Echt jetzt? Sorry?
Nach den Tagesthemen im Ersten.
18.10.2025 23:50

Viele kennen es aus ihrer Kindheit, wo sie sich unter dem sanften Druck der Eltern wieder mit jemandem vertragen mussten. Oder aus dem Fußball, wo eine Entschuldigung dazugehört. Manchmal aus Sportsgeist, aber manchmal auch nur, um den Schiedsrichter zu besänftigen. Ist das noch authentisch oder sind das hohle Gesten, die nichts bringen? Darüber spricht der Berliner Pfarrer Alexander Höner in seinem Wort zum Sonntag

Samstags ab 17 Uhr können Sie an dieser Stelle den Sendetext lesen.

Gesten, die einem voraus gehen

Guten Abend zu später Stunde.

"Erst mal entschuldigst du dich, dann reden wir weiter." – Hat das schon mal jemand so schroff zu Ihnen gesagt? "Erst mal entschuldigst du dich…" Das ist ganz schön hart. Ich hab’s erlebt.

Ich hatte als Junge im Garten unserer alten Nachbarin gespielt und dort einen Zweig von einem Apfelbaum abgebrochen – einfach so. Die Nachbarin sah das: "Ey, Du tust doch dem Baum weh". Ich rannte schnell weg. Zuhause spürte mein Vater, dass irgendetwas mit mir war. Ich erzählte es ihm und dann kam dieser Satz: "Erst mal entschuldigst du dich, dann reden wir weiter." Was war das damals für eine Überwindung für mich. Gemeinsam gingen wir zur Nachbarin. Und ohne sie angucken zu können, quetschte ich ein "Entschuldigung" über meine Lippen.

Etliche Jahre später habe ich dann erlebt, wie es auch ganz anders geht. Ein "Tut mir leid", das locker über die Lippen kommt. Als Student habe ich ein halbes Jahr auf den Fidschi-Inseln gelebt. Und wenn man dort irgendwo eingeladen war, dann hat man sich erst einmal entschuldigt. Ich wusste nicht warum. Der Sinn: Man könnte ja dem Gastgeber irgendwann einmal Unrecht getan haben – bewusst oder unbewusst. Und das sollte nicht im Raum stehen.  Also hab‘ ich’s auch gemacht, mich entschuldigt – die ganzen sechs Monate.

Man könnte nun bei beiden Erfahrungen protestieren: "Wie? Was ist denn das für ‘ne Entschuldigung, wenn ich mich immer gleich automatisch pro forma entschuldige oder ich dazu gezwungen werde?! Das ist doch dann nicht ehrlich, nicht authentisch."

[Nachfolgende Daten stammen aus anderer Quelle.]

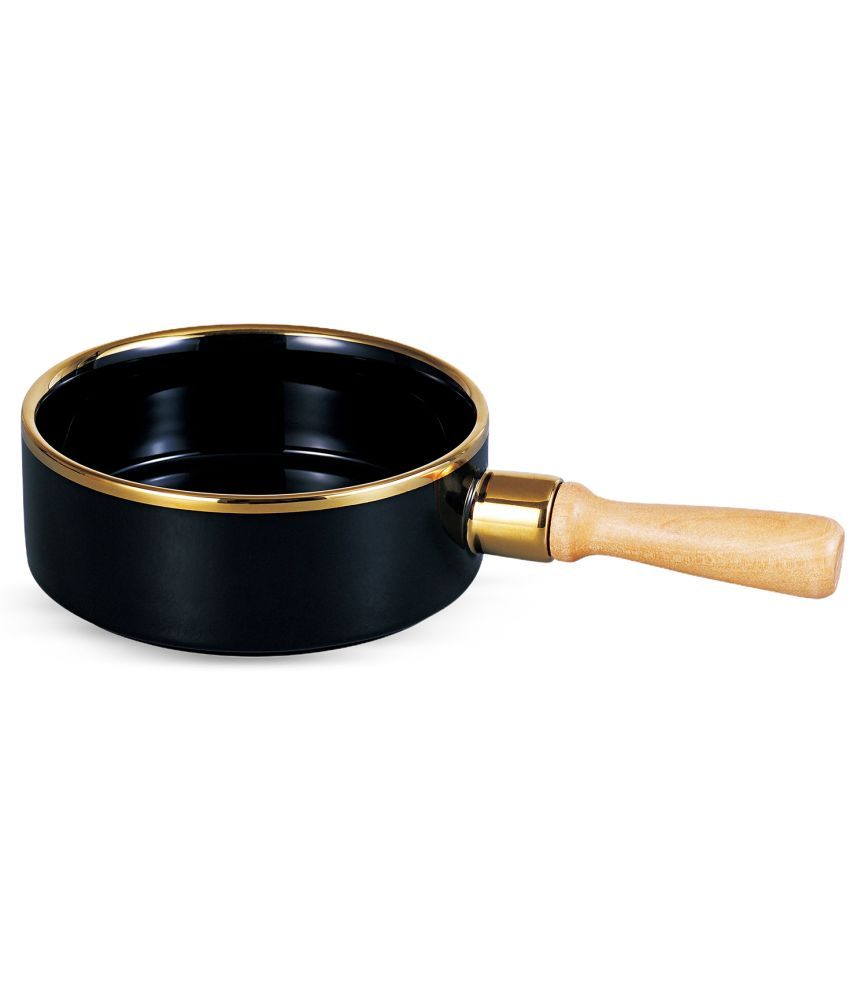     			Homeberry Saucepan Ceramic Ceramic Sauce Pan Induction Bottom without Lid mm Thickness 25 cm Diameter 0.5 Ltr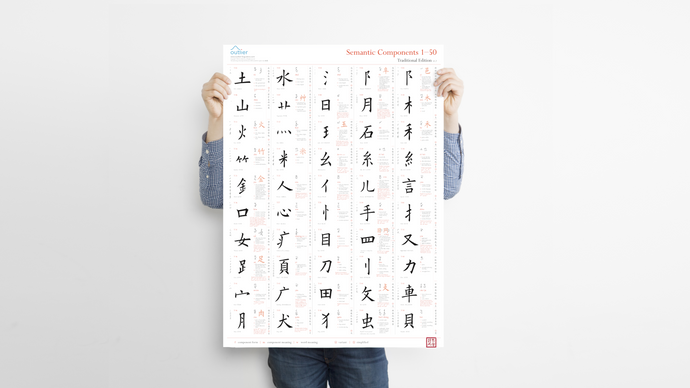 Outlier Chinese Character Semantic Components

Klar, klar können Entschuldigungen auch missbraucht werden und nicht ehrlich sein. Aber was heißt hier eigentlich ehrlich? Wer hat sich denn nicht schon mal entschuldigt, obwohl er mit seinem Herzen noch nicht so weit war. Kommt doch vor, oder? Meine Entschuldigungs-geste überholt mich dann praktisch. Und idealerweise folgt ihr dann auch mein Herz.

Das ist bei manchen öffentlichen Entschuldigungen genauso: Nehmen Sie den Kniefall von Willy Brandt beim Gedenken an das Warschauer Ghetto. Ungefähr die Hälfte der Deutschen sah diese Geste des damaligen Bundeskanzlers erst einmal kritisch. Doch sie war so wichtig für den weiteren Versöhnungs-prozess. Auch beim sogenannten Stuttgarter Schuldbekenntnis ging es einigen damals zu schnell. Die evangelische Kirche bekannte sich darin zur Mitverantwortung für die Verbrechen des NS-Regimes. Morgen jährt sich die Veröffentlichung zum 80. Mal. Trotz der Kritik war es ein Meilenstein auf dem Weg, sowas niemals wieder geschehen zu lassen.

Es ist also gut, wenn unsere Gesten uns vorausgehen. Natürlich wäre es besser, wenn auch das Herz gleich dabei wäre. Aber das ist manchmal nicht möglich. Die Geste zeigt: Auch wenn ich den Fehler noch nicht hundertprozentig einsehe, ist es besser, Versöhnung anzubieten als sich einzumauern oder hochzurüsten. Ich wünsche Ihnen eine behütete Nacht.